> The problem
Return the run of lines below that opens with the line containing "Magors Stıl-x Newyork" and closes with the line containing "2D Earth from", keeping each one exact.

Top of Supplied data

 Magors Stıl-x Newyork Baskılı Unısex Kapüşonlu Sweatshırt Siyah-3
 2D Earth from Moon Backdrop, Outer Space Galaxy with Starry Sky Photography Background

Bottom of Supplied data
Top of Supplied data

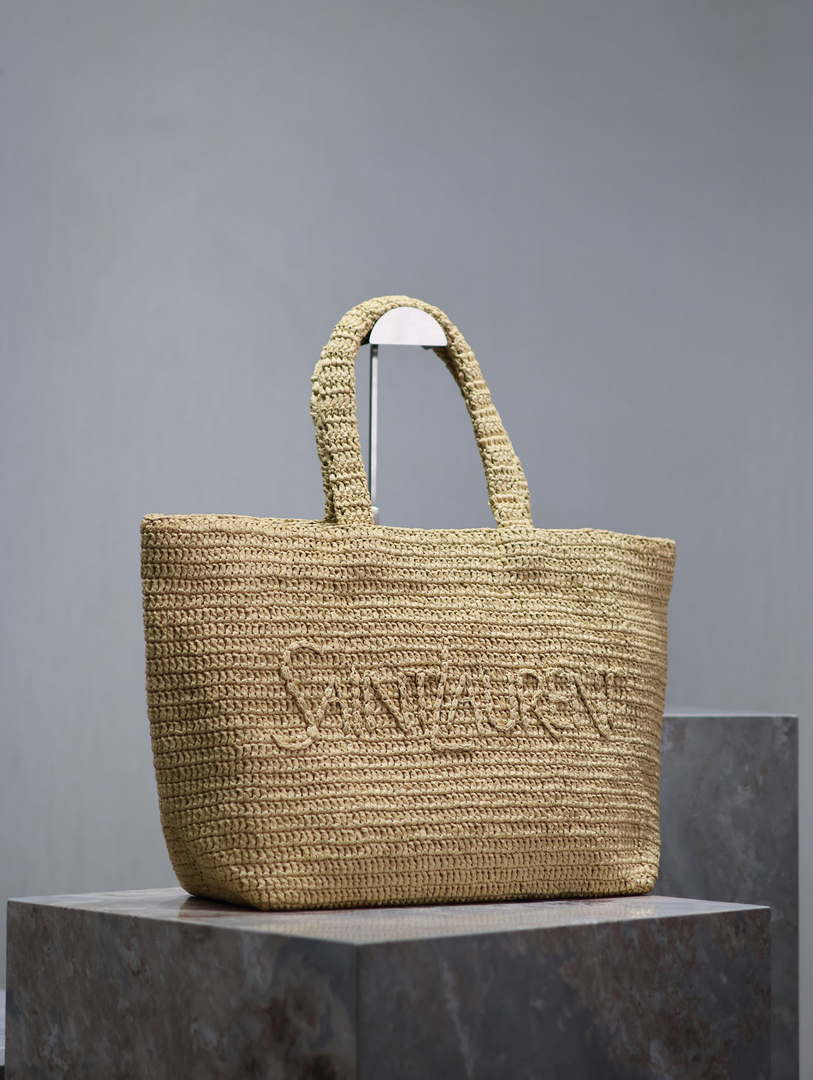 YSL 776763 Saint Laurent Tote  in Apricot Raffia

Bottom of Supplied data

> Response area
 Magors Stıl-x Newyork Baskılı Unısex Kapüşonlu Sweatshırt Siyah-3
 2D Earth from Moon Backdrop, Outer Space Galaxy with Starry Sky Photography Background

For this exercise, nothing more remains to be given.